Task item – Output exactly the lines that run from the line with "SNH Set of 02" to the end of the material, both ends included, and no other lines.

The input –
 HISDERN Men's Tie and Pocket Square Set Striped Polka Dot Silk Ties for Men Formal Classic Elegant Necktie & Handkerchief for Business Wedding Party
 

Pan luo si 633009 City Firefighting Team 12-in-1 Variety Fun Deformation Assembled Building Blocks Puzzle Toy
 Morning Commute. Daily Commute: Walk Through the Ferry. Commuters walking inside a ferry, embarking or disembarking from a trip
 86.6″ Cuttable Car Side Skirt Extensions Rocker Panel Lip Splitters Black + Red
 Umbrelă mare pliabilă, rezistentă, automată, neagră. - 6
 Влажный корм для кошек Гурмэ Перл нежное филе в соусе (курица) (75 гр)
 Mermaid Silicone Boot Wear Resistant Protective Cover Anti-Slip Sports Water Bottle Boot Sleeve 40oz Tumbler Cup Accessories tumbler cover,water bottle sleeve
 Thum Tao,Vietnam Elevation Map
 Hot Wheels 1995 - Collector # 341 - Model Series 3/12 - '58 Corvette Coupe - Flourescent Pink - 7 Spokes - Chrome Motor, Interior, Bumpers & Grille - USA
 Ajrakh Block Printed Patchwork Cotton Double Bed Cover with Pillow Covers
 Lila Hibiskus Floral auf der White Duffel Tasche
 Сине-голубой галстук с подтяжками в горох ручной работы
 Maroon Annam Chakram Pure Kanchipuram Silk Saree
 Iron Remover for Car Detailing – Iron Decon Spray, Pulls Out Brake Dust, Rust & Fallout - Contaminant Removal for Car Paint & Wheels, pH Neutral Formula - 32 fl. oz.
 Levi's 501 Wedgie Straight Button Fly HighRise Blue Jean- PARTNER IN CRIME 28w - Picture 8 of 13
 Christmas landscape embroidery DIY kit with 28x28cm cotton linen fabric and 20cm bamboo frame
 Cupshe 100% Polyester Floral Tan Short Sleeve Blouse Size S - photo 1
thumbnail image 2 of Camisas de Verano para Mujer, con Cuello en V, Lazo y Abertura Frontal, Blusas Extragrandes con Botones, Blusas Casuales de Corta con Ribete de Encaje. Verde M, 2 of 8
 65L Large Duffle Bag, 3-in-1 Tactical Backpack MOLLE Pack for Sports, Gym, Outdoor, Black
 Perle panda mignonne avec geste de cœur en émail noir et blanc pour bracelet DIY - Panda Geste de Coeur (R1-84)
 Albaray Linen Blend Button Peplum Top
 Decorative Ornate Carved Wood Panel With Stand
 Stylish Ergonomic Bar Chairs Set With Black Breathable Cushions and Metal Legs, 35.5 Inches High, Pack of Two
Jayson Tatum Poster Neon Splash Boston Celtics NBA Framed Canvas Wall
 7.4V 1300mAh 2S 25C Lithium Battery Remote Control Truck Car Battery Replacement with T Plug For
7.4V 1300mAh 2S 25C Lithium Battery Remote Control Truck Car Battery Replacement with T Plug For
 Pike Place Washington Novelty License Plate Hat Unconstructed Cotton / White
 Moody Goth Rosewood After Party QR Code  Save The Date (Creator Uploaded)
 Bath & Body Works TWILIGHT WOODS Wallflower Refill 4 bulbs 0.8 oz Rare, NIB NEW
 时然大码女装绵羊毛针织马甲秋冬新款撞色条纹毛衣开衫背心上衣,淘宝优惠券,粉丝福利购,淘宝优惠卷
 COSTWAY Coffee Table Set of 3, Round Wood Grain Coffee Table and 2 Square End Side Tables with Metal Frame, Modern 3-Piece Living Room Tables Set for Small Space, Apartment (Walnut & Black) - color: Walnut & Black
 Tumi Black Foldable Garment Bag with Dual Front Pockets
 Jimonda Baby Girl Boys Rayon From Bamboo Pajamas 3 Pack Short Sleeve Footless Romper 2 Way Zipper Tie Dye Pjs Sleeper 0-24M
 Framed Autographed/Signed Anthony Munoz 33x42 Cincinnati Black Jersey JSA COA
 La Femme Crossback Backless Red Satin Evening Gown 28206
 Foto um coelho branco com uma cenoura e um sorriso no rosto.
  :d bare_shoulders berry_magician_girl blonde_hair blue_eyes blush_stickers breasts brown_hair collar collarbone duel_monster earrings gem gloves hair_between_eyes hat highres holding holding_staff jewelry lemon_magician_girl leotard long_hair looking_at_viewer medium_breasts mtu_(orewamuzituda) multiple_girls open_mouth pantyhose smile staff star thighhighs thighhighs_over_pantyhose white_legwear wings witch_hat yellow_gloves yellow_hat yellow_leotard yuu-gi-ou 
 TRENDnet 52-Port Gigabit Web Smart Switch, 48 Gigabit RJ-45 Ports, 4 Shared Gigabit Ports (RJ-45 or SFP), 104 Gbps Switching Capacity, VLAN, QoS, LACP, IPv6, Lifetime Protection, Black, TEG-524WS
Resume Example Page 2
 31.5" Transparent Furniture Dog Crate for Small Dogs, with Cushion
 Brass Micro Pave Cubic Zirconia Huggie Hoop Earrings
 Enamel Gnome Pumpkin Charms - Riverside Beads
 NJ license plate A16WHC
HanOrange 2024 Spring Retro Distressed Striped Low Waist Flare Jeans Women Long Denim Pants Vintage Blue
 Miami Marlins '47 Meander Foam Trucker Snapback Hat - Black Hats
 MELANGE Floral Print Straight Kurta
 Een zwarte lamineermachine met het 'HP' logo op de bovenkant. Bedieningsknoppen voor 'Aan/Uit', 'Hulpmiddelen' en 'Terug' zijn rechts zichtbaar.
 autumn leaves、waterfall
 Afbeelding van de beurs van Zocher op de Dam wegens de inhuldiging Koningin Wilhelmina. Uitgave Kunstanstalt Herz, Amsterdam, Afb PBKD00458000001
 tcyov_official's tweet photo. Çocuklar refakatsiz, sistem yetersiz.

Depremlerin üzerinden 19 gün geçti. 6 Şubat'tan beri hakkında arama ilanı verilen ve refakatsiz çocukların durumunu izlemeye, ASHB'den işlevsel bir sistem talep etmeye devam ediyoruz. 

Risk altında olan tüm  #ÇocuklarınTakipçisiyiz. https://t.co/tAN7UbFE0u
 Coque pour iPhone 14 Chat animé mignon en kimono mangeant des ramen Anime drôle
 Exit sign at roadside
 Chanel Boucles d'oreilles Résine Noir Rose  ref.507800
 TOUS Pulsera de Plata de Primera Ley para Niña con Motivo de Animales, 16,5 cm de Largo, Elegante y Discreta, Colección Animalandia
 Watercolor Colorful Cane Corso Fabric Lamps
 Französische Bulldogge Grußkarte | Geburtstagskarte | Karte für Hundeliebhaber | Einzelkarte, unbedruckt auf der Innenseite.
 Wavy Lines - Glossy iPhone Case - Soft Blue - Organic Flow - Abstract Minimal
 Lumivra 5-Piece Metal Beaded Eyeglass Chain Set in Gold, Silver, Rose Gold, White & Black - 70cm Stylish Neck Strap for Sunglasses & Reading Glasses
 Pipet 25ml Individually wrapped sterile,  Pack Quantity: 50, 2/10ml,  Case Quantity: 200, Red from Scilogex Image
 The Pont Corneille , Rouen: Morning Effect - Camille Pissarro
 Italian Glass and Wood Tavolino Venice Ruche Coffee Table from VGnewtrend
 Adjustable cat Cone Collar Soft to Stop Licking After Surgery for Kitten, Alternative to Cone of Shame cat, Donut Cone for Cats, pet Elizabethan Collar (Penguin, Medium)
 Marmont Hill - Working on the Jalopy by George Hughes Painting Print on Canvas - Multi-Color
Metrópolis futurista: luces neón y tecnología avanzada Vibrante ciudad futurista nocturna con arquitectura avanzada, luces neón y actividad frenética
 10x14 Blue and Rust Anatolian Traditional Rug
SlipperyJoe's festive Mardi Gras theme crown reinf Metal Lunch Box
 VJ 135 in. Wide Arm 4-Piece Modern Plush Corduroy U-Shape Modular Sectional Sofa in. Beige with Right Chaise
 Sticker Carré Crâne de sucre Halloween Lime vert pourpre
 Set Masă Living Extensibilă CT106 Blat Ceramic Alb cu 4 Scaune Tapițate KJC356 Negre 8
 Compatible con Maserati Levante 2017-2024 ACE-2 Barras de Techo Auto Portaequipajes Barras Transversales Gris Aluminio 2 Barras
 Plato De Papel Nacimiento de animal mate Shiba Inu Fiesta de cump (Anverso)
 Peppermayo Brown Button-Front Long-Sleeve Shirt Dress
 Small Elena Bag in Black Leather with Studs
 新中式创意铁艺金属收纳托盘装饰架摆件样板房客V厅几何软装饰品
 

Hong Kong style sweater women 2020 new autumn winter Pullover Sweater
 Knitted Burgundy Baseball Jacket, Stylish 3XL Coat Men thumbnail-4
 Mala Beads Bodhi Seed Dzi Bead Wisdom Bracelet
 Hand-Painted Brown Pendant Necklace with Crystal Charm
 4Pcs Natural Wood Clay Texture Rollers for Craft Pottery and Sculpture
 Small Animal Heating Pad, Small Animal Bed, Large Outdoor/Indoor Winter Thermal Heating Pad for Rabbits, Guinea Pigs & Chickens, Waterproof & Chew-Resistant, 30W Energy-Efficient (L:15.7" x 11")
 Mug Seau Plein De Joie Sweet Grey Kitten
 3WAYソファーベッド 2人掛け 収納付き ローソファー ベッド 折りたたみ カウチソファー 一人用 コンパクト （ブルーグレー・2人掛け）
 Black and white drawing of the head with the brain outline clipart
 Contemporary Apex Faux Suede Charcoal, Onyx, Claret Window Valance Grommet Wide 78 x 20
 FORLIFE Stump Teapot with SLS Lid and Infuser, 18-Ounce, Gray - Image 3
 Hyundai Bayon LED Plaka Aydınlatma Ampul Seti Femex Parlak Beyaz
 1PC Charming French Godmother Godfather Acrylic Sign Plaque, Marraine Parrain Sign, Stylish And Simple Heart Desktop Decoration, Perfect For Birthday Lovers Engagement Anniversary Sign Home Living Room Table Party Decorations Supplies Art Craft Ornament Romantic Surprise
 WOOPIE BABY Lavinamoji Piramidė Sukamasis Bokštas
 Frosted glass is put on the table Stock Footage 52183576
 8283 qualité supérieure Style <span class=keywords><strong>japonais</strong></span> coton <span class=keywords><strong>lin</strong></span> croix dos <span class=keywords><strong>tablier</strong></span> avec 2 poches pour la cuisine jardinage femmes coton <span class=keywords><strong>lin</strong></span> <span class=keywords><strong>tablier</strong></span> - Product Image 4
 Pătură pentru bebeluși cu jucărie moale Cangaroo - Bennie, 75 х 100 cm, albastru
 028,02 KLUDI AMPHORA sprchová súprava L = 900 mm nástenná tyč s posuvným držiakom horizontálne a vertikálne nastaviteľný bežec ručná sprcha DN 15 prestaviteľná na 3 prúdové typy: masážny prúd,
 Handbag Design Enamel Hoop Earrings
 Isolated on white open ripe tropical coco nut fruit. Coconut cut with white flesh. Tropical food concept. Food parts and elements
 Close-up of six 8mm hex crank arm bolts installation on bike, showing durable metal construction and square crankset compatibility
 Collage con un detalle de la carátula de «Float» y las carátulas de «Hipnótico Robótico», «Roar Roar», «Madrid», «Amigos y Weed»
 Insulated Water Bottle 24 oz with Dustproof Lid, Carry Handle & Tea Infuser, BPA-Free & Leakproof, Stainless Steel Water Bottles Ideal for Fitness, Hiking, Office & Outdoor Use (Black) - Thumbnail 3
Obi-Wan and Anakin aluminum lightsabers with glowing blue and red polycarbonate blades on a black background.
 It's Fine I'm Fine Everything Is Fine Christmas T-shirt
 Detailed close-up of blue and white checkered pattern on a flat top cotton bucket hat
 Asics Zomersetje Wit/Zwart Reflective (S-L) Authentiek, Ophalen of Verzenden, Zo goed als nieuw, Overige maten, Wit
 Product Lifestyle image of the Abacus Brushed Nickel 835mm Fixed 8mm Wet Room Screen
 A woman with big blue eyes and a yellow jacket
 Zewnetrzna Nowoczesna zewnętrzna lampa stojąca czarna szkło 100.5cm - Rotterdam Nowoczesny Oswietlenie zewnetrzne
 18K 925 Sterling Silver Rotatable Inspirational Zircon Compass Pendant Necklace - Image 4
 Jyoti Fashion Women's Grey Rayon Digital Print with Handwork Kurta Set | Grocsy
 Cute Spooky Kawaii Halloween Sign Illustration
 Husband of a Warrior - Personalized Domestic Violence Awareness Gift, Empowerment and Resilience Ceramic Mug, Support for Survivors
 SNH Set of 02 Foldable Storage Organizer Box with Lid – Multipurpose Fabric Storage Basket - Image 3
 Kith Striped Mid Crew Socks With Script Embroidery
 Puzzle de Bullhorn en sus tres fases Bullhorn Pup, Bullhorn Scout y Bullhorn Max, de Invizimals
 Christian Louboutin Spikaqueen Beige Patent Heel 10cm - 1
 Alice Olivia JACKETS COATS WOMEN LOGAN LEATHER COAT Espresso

The answer –
 SNH Set of 02 Foldable Storage Organizer Box with Lid – Multipurpose Fabric Storage Basket - Image 3
 Kith Striped Mid Crew Socks With Script Embroidery
 Puzzle de Bullhorn en sus tres fases Bullhorn Pup, Bullhorn Scout y Bullhorn Max, de Invizimals
 Christian Louboutin Spikaqueen Beige Patent Heel 10cm - 1
 Alice Olivia JACKETS COATS WOMEN LOGAN LEATHER COAT Espresso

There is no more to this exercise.